Sec. 5. Preparation for Ordination

(a) The Bishop and the Commission shall work with the Postulant or Candidate to develop and monitor a program of preparation for ordination to the Priesthood and to ensure that pastoral guidance is provided throughout the period of preparation.

(b) If the Postulant or Candidate has not previously obtained a baccalaureate degree, the Commission, Bishop, and Postulant or Candidate shall design a program of such additional academic work as may be necessary to prepare the Postulant or Candidate to undertake a program of theological education.

(c) Formation shall take into account the local culture and each Postulant or Candidate’s background, age, occupation, and ministry.

(d) Prior education and learning from life experience may be considered as part of the formation required for the Priesthood.

(e) Whenever possible, formation for the Priesthood shall take place in community, including other persons in preparation for the Priesthood, or others preparing for ministry.

(f) Formation shall include theological training, practical experience, emotional development, and spiritual formation.

(g) Subject areas for study during this program of preparation shall include:

(1) The Holy Scriptures.

(2) History of the Christian Church.

(3) Christian Theology.

(4) Christian Ethics and Moral Theology.

(5) Christian Worship according to the use of the Book of Common Prayer, the Hymnal, and authorized supplemental texts.

(6) The Practice of Ministry in contemporary society, including leadership, evangelism, stewardship, ecumenism, interfaith relations, mission theology, and the historical and contemporary experience of racial and minority groups.

PREFACE

It is the expectation of the Commission on Ministry that all baptized members of the Church engage in ongoing discernment around their baptismal vocation; however we do recognize that sometimes there are specific calls and questions that need more focused discernment.
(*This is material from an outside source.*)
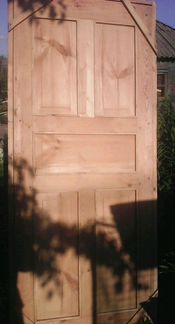 Двери деревянные филенчатые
All ministries and orders of the Church have their basis and foundation in the font of Baptism. There one discovers the riches and the risks, the bliss and the burdens, of the continual striving to attach one’s identity to Jesus the crucified and risen Lord. The vocation to this life of service can be expressed in friendship, in family, in marriage, in parenthood, in the struggle to live with integrity, compassion and hope in one’s home, work and community. The vocation to the orders of Priest or Deacon can only be heard if one is first well rooted in one’s Baptism. It has been long stated by the Church that a calling to Holy Orders must be heard not only by the individual, but also by the gathered Body of Christ where one’s identity in Christ has been nourished, challenged, sustained and shaped. This guide is offered as a help to the local gathering of Christians who are involved in the work of hearing the voice of God in the heart of one who feels drawn to consider the special ministry of Servanthood as an Episcopal Deacon for God's Mission. It is meant to provide some guidance and structure to what is essentially an imprecise, unruly, and often clumsy tool of determining what God might be up to in the interior life of a sister or brother in Christ.

If you are reading this in hopes of offering yourself to the Church for ordination, please know of the Church’s deep appreciation. We honor your desire and we recognize the vulnerability of offering oneself to a task that will inevitably and necessarily open you up to the scrutiny of others, some of whom may be complete strangers. We would not serve you well if we denied this. But having said this, we want to assure you of the prayers of the Bishops and of all the members of the Commission on Ministry as you begin this journey. Your call will be broadly tested by your parish community, the Commission on Ministry and other in our Episcopal Diocese of Connecticut. It is our hope that in this process of discernment you will be open and ready to experience the surprising stirring of the Holy Spirit in your own life and church family.

To those who have answered the call as a member of the discernment group to serve as a fellow seeker of God’s will, the Church is also deeply grateful. Yours will be one of the most delicate, sensitive and essential tasks of the Church, and one of the most generous gifts you can offer, not only to your brother or sister in Christ, but also to God's Mission well beyond the walls of your local parish. It is the intent of this guide to provide you with ample and meaningful opportunity to explore, confirm, challenge, and widen a sense of your own calling to ministry.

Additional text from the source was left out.